20. Juli 2009

"Wir sind keine Poppunk-Band!"

Interview geführt von

Billy Talent polarisieren. Mit Haarwunder Ian D'Sa und Donald Duck-Soundalike Ben Kowalewicz hat die Band gleich zwei ins Auge bzw. Ohr springende Aushängeschilder. "III" klingt nun fast nach dem Versuch, Fans und Kritiker endlich zu versöhnen.Billy Talent wirken 2009 betont düster und gebremster als zuvor, man könnte fast sagen erwachsener - ohne jedoch an Esprit und Emotionalität einzubüßen. Es gibt Gründe für das musikalische Leisertreten: Sänger Ben und Gitarrist Ian mussten schwere persönliche Rückschläge überstehen. Aber davon lässt sich eine tourfreudige Band wie Billy Talent nicht beeindrucken, schließlich tragen die immensen Touraktivitäten einen erheblichen Teil des Erfolgs.

Und wo erwischt Autor Yan Vogel Frontmann Ben Kowalewicz dementsprechend? Genau, am Handy vorm Tourbus stehend. Knistern in der Leitung schuf zwar eine schöne Atmosphäre beim transatlantischen Gespräch nach Kalifornien, führte jedoch auch zu kleineren Verständnisschwierigkeiten (Frage: "Did he play all the instruments?", Antwort: "Did we have to pay for it?") ...

Der Druck war sicherlich groß nach dem großen Erfolg eures zweiten Albums. Wie seid ihr mit den hohen Erwartungen umgegangen?

Wir wollten auf externe Erwartungen keine Rücksicht nehmen. Den einzigen Druck, den wir aufbauten, war der uns gegenüber. Als Musiker, Songwriter, als Band. Die Arbeit an der neuen CD machte uns richtig viel Spaß und war faszinierend und herausfordernd zugleich. Auch den Anliegen der Fans sollte man entgegenkommen, denn schließlich haben sie uns erst dorthin gebracht, wo wir heute stehen.

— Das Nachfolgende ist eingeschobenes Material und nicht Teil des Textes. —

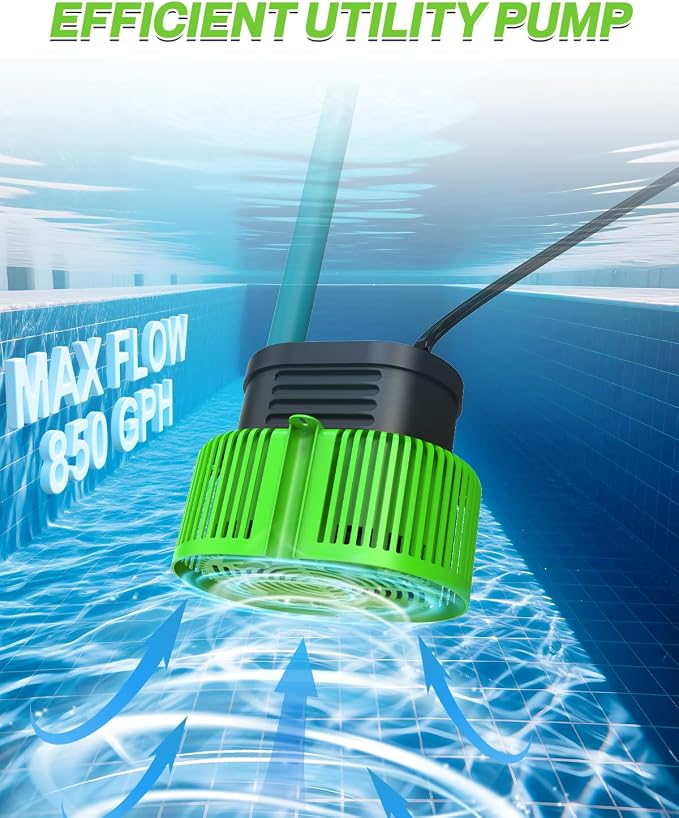 AgiiMan 850GPH Pool Cover Pump, Submersible Sump Pump above Ground | 16FT Drain Hose, 25FT Power Cord, 3 Adapters, Compact Design, Fast Water Removal for Pool Covers and Above Ground Pools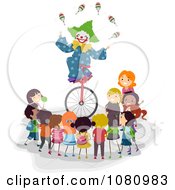 Stick Kids Watching A Clown Juggle On A Unicycle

Viele Kritiker verpassen euch das Etikett "Mainstream-Poppunk". Nimmst du dir das zu Herzen oder interessiert es dich nicht wirklich?

Also, meines Erachtens handelt es sich bei Billy Talent nicht um eine Poppunk-Band. Ich meine, wir spielen zusammen seit einer Zeit, als Poppunk noch nicht einmal erfunden war. Wir sind eine Rock'n'Roll-Band mit einer Vorliebe für Punkrock sowie unterschiedlichste Stilrichtungen: Wir mögen Reggae, Ska, Hip Hop, Classic Rock. Uns kann man nicht auf einen Stil reduzieren. Wir unterscheiden uns erheblich von einer Band wie Blink 182. Versteh mich nicht falsch, ich mag sie, aber auf Blink 182 trifft die Bezeichnung Poppunk eher zu. Wir sehen uns eher in der Tradition von Rage Against The Machine.

Lass uns über die Texte sprechen. Einerseits beschreibst du greifbare, alltägliche Situationen wie Beziehungsprobleme, andererseits gibt es eher metaphorische, zeitlose und narrativ gehaltene Lyrics wie in "White Sparrows" und "The Dead Can't Testify".

Im Songwritig-Prozess muss man versuchen, immer unverbraucht zu klingen. Es kommt nunmal, wie es kommt.

Lässt sich von einer Hinwendung zu düsteren Themen sprechen?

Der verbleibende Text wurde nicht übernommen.